> WHAT TO PRODUCE: Using the records below, quote only the span that opens with the line containing "Best Pirce 🥰" and closes with the line containing "44 pcs. BGS", exactly and inclusively.

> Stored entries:
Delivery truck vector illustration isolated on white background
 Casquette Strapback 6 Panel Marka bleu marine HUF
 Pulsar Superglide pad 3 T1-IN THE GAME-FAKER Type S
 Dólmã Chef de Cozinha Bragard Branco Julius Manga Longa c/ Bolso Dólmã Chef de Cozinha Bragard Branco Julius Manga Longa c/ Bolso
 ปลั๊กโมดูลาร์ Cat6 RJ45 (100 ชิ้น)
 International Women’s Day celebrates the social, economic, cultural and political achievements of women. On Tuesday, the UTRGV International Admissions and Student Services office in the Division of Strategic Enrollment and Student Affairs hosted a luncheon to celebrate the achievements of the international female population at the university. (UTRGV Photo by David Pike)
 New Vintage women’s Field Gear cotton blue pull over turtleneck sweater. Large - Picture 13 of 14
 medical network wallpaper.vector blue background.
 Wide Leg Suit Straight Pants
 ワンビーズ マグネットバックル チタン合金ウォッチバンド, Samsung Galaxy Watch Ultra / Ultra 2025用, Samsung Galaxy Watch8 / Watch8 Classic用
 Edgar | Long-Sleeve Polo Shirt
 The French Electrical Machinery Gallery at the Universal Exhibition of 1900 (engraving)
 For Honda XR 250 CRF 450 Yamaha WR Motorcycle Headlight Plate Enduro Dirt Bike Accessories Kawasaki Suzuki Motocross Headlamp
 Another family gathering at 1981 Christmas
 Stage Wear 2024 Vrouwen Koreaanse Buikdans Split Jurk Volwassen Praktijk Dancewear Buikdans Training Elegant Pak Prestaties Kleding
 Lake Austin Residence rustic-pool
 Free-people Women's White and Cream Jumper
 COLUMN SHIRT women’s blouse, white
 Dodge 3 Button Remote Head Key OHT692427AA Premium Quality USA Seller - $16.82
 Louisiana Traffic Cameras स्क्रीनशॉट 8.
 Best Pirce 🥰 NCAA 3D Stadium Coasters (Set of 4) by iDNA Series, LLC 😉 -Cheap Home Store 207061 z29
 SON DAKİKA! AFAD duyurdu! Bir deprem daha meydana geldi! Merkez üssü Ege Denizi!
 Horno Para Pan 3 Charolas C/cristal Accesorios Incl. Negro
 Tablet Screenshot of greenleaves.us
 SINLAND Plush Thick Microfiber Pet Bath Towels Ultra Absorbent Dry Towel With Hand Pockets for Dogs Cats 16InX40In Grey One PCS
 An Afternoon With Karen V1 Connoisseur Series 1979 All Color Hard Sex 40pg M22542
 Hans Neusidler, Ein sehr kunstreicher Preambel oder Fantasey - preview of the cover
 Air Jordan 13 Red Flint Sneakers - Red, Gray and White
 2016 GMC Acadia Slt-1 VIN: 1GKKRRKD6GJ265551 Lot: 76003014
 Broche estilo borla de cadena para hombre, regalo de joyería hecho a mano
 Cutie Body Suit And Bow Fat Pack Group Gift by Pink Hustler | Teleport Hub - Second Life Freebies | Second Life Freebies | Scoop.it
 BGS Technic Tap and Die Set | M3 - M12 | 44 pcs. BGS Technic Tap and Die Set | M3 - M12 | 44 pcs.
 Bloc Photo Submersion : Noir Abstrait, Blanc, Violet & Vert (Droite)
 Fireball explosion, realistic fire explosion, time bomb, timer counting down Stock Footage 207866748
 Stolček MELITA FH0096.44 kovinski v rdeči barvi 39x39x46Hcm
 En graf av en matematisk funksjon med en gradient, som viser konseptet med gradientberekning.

> RESPONSE TO THIS EXERCISE:
 Best Pirce 🥰 NCAA 3D Stadium Coasters (Set of 4) by iDNA Series, LLC 😉 -Cheap Home Store 207061 z29
 SON DAKİKA! AFAD duyurdu! Bir deprem daha meydana geldi! Merkez üssü Ege Denizi!
 Horno Para Pan 3 Charolas C/cristal Accesorios Incl. Negro
 Tablet Screenshot of greenleaves.us
 SINLAND Plush Thick Microfiber Pet Bath Towels Ultra Absorbent Dry Towel With Hand Pockets for Dogs Cats 16InX40In Grey One PCS
 An Afternoon With Karen V1 Connoisseur Series 1979 All Color Hard Sex 40pg M22542
 Hans Neusidler, Ein sehr kunstreicher Preambel oder Fantasey - preview of the cover
 Air Jordan 13 Red Flint Sneakers - Red, Gray and White
 2016 GMC Acadia Slt-1 VIN: 1GKKRRKD6GJ265551 Lot: 76003014
 Broche estilo borla de cadena para hombre, regalo de joyería hecho a mano
 Cutie Body Suit And Bow Fat Pack Group Gift by Pink Hustler | Teleport Hub - Second Life Freebies | Second Life Freebies | Scoop.it
 BGS Technic Tap and Die Set | M3 - M12 | 44 pcs. BGS Technic Tap and Die Set | M3 - M12 | 44 pcs.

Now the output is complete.